USA basketball also reminds me of the NBA season structure in that oftentimes, the storylines on the court are less interesting to those off it. Whereas drama on other teams derives from the wins and losses, USA has been so dominant for so long that the biggest headlines have been about which non-starters deserve to play more minutes in a blowout (cough, cough, Jayson Tatum). While those sorts of topics fill airtime on sports talk shows, that is not Olympic-level drama on the level of the competition itself. 

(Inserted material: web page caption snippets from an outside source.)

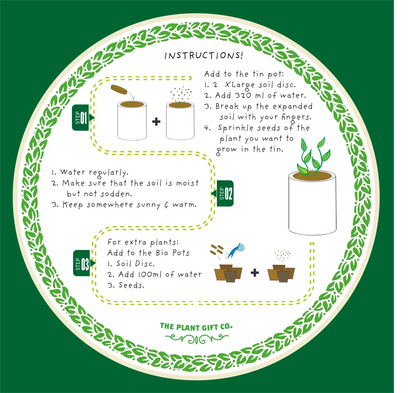 Purrfect Treat Eco Grow Your Own Plant Kit, a sustainable gardening bundle designed for cat owners to cultivate fresh treats at home.
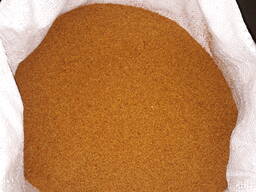 Рижій олійний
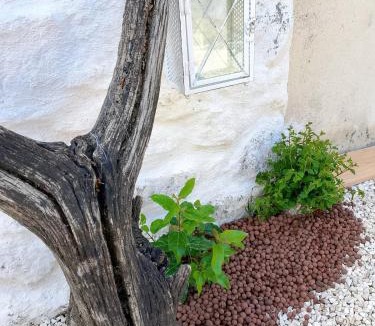 Caremeau House | Maisonnette Soleil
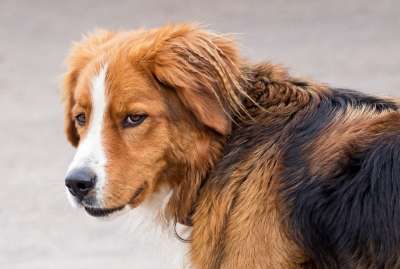狗 宠物 动物 家犬 犬类 哺乳动物 杂交种 毛皮 可爱的
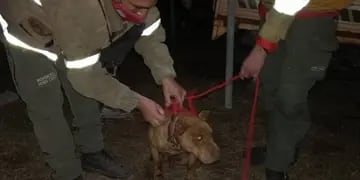 Perro rescatado en San Antonio de Arredondo busca a su familia.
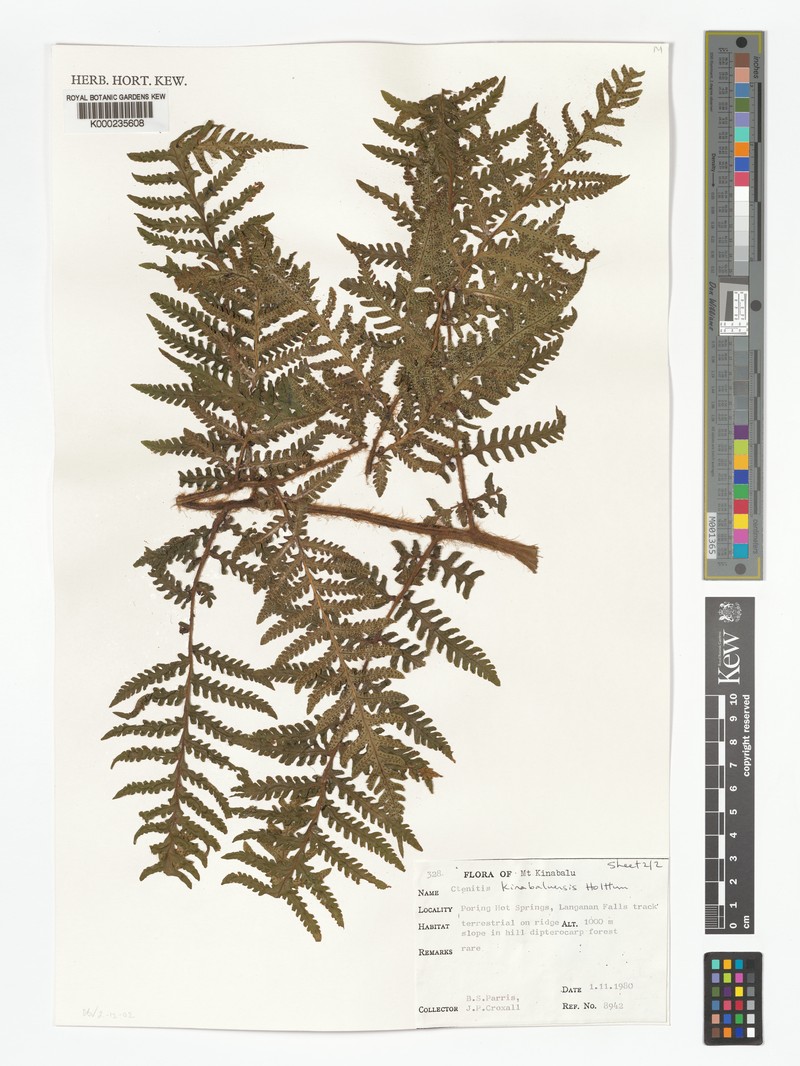 Ctenitis kinabaluensis photo 3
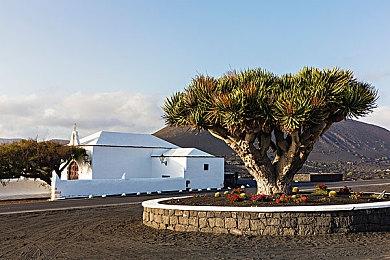 恐怖射击游戏《量子误差》续作《量子态》公布 发售日期待定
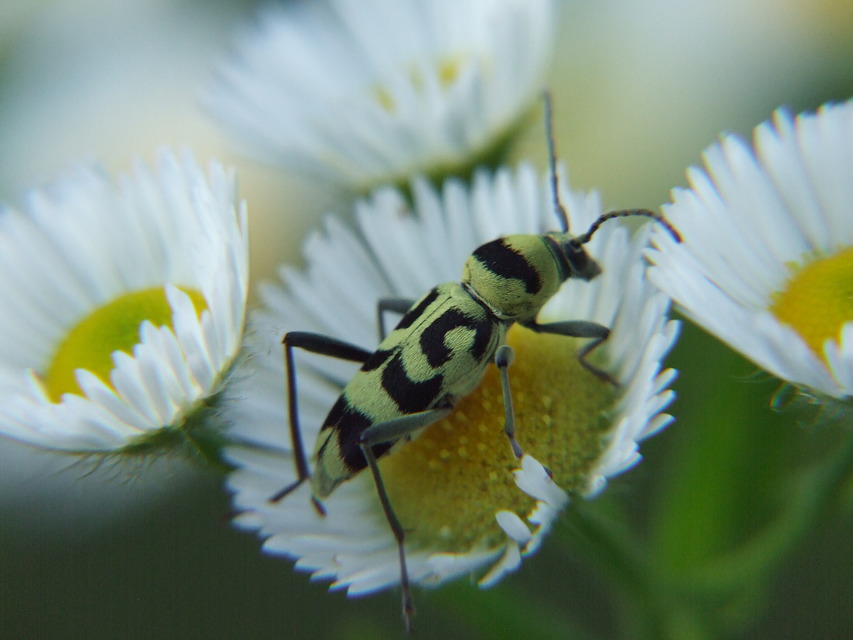 Chlorophorus varius - díszes darázscincér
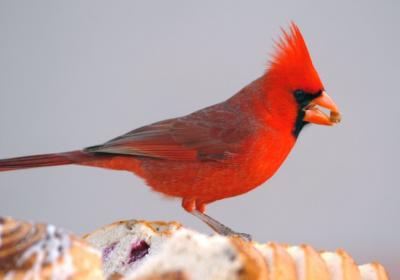 Northern Cardinal 0205-2j  Tucson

It’s fantastic for Team USA to perform so brilliantly on a global stage, both for the men’s and women’s. The women have won gold in every Olympics dating back to the 20th century, while the men have an unblemished record since the Redeem Team’s run in 2008. But it’s hard not to root for the up-and-comers in the sport too, and even wish for a day when Olympic basketball more closely resembles the World Cup than the Dream Team’s demolition of opponents in 1992 and USA’s recent Olympic triumphs. That’s not something that Team USA hopes to see but would be a remarkable development for a sport that is quickly becoming a global game.